*** Opening of SOURCE MATERIAL ***

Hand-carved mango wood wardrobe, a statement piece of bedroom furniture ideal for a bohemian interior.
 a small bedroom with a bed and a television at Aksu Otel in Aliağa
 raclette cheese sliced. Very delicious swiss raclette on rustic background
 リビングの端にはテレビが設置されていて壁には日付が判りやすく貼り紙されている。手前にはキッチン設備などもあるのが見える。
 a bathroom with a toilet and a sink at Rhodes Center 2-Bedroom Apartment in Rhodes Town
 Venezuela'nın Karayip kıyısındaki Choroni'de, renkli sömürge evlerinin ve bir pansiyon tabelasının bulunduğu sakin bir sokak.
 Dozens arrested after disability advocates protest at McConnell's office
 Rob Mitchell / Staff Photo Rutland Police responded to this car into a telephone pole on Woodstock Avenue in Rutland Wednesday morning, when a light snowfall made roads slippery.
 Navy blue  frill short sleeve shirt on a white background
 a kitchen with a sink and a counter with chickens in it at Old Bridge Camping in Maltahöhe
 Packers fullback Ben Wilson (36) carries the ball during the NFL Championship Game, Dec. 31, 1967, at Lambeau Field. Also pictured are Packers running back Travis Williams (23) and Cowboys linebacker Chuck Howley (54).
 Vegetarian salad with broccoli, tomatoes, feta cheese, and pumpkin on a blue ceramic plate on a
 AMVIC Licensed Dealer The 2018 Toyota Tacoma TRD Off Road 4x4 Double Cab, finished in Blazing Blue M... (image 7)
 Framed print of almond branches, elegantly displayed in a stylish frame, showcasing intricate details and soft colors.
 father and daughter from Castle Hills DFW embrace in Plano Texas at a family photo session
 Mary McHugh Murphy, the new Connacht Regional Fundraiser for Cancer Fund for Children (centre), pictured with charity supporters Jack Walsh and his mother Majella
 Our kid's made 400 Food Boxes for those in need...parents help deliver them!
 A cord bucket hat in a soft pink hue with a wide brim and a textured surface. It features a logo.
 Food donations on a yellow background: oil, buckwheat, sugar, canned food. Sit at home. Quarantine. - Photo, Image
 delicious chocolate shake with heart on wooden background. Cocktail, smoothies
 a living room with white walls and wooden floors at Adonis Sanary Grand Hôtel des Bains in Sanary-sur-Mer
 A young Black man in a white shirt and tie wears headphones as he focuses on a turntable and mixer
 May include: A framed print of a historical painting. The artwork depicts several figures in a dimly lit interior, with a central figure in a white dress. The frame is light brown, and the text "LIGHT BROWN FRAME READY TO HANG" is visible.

*** Close of SOURCE MATERIAL ***

**TASK GOAL:**
Every entry above must be returned word for word.

**FINISHED TASK:**
Hand-carved mango wood wardrobe, a statement piece of bedroom furniture ideal for a bohemian interior.
 a small bedroom with a bed and a television at Aksu Otel in Aliağa
 raclette cheese sliced. Very delicious swiss raclette on rustic background
 リビングの端にはテレビが設置されていて壁には日付が判りやすく貼り紙されている。手前にはキッチン設備などもあるのが見える。
 a bathroom with a toilet and a sink at Rhodes Center 2-Bedroom Apartment in Rhodes Town
 Venezuela'nın Karayip kıyısındaki Choroni'de, renkli sömürge evlerinin ve bir pansiyon tabelasının bulunduğu sakin bir sokak.
 Dozens arrested after disability advocates protest at McConnell's office
 Rob Mitchell / Staff Photo Rutland Police responded to this car into a telephone pole on Woodstock Avenue in Rutland Wednesday morning, when a light snowfall made roads slippery.
 Navy blue  frill short sleeve shirt on a white background
 a kitchen with a sink and a counter with chickens in it at Old Bridge Camping in Maltahöhe
 Packers fullback Ben Wilson (36) carries the ball during the NFL Championship Game, Dec. 31, 1967, at Lambeau Field. Also pictured are Packers running back Travis Williams (23) and Cowboys linebacker Chuck Howley (54).
 Vegetarian salad with broccoli, tomatoes, feta cheese, and pumpkin on a blue ceramic plate on a
 AMVIC Licensed Dealer The 2018 Toyota Tacoma TRD Off Road 4x4 Double Cab, finished in Blazing Blue M... (image 7)
 Framed print of almond branches, elegantly displayed in a stylish frame, showcasing intricate details and soft colors.
 father and daughter from Castle Hills DFW embrace in Plano Texas at a family photo session
 Mary McHugh Murphy, the new Connacht Regional Fundraiser for Cancer Fund for Children (centre), pictured with charity supporters Jack Walsh and his mother Majella
 Our kid's made 400 Food Boxes for those in need...parents help deliver them!
 A cord bucket hat in a soft pink hue with a wide brim and a textured surface. It features a logo.
 Food donations on a yellow background: oil, buckwheat, sugar, canned food. Sit at home. Quarantine. - Photo, Image
 delicious chocolate shake with heart on wooden background. Cocktail, smoothies
 a living room with white walls and wooden floors at Adonis Sanary Grand Hôtel des Bains in Sanary-sur-Mer
 A young Black man in a white shirt and tie wears headphones as he focuses on a turntable and mixer
 May include: A framed print of a historical painting. The artwork depicts several figures in a dimly lit interior, with a central figure in a white dress. The frame is light brown, and the text "LIGHT BROWN FRAME READY TO HANG" is visible.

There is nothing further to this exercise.